Want to know whether your specific tool stores your data or uses it for training? Read about ChatGPT and work data, or see the broader overview on AI data leakage.

FAQ

Common questions

Can you put personal data into ChatGPT?

Only with a clear lawful basis, purpose limitation, data minimisation, and an approved work environment. In a personal or free account, it is usually unwise to use customer, patient, employee, or case data.

What should you truly never share with an AI chatbot?

Passwords, PINs and recovery codes, national ID and passport or licence numbers, bank and credit card details, medical information, confidential company data, source code, and secrets or API tokens. These do not belong in a prompt.

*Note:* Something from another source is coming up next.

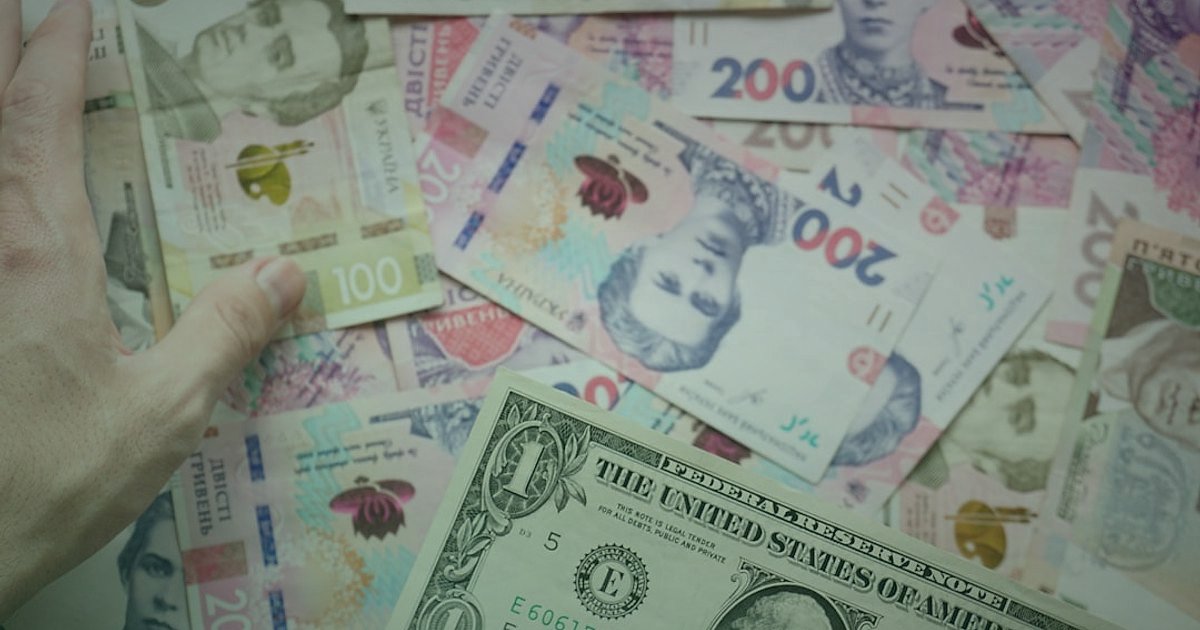 Pazaryeri Mağaza Optimizasyonu 2026: Satışları Artırmanın Sırları - hands holding different currency bills and coins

Is anonymised data safe to share?

Anonymised or placeholder text is much safer, as long as the data is genuinely no longer traceable to a person. Replacing a name with 'Customer A' helps, but watch that combinations of details can still make someone identifiable.

Does this apply to files and screenshots too?

Yes, and that is often where it goes wrong. A PDF can contain customer data or retention periods, and a screenshot can quietly show names, email addresses, notifications, or calendar entries. Check a file before you upload it.

What is a good rule of thumb for borderline cases?

If you would not email this information to a stranger outside your organisation, it does not belong in an AI chatbot. And the fewer traceable details, the lower the risk.